[Archimedes Talks&Tutorial Series] Tensor Decompositions in Large Scale Deep Learning
Talk (12:00-13:00, Mihalis Nicolaou)
Despite the initial success of deep learning in discriminative tasks, most recently, large-scale, often generative models (i.e., foundation models) have emerged as a dominant paradigm. Utilizing broad-data pre-training at scale, such models have proven more robust and generalizable to alternatives, albeit being considered more opaque due to their sheer scale. In this talk, we will discuss recent works that leverage tensor methods to make large-scale deep networks more interpretable, controllable, fair, and efficient – for example, by enabling unsupervised local editing in pre-trained networks, making fine-tuning of large models to new tasks efficient, scaling sub computations to achieve specialization, and grounding visual variability to concepts in vision-language models.

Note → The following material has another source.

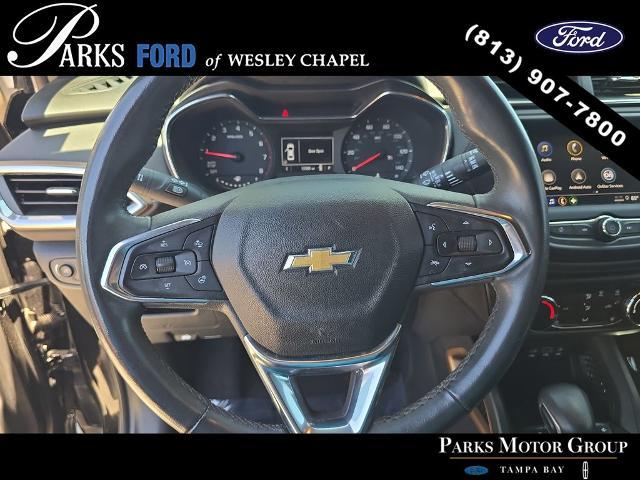 2023 Chevrolet TrailBlazer FWD ACTIV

Tutorial (13:15-15:15, James Oldfield)
Modern deep learning architectures, such as transformers and convolutional neural networks (CNNs), leverage multi-dimensional representations (tensors) to process input data effectively. Consequently, many standard operations in deep neural networks can be understood through repeated multiplications and summations over various intermediate tensors and weights. In this tutorial, we explore how to unify these common operations in PyTorch through multilinear operations, and how this paradigm provides a flexible framework for designing and implementing novel deep learning architectures and techniques. Concrete examples from our recent work will be presented, including using factorized computation with einsum to efficiently scale the expert count in mixture of experts (μMoE layer).
Bio:Mihalis A. Nicolaou is Associate Professor at the Computation-based Science and Technology Research Center at The Cyprus Institute. Previously, he has held positions at Imperial College London and the University of London. He received the B.Sc. degree from the University of Athens, Greece, and the M.Sc. and Ph.D. degrees from the Department of Computing, Imperial College London, U.K.
Bio:James Oldfield is currently a PhD student at Queen Mary University of London. Previously, he was a research intern at The Cyprus Institute and Huawei Noah's Ark. His recent research focuses on interpretable and controllable deep learning models.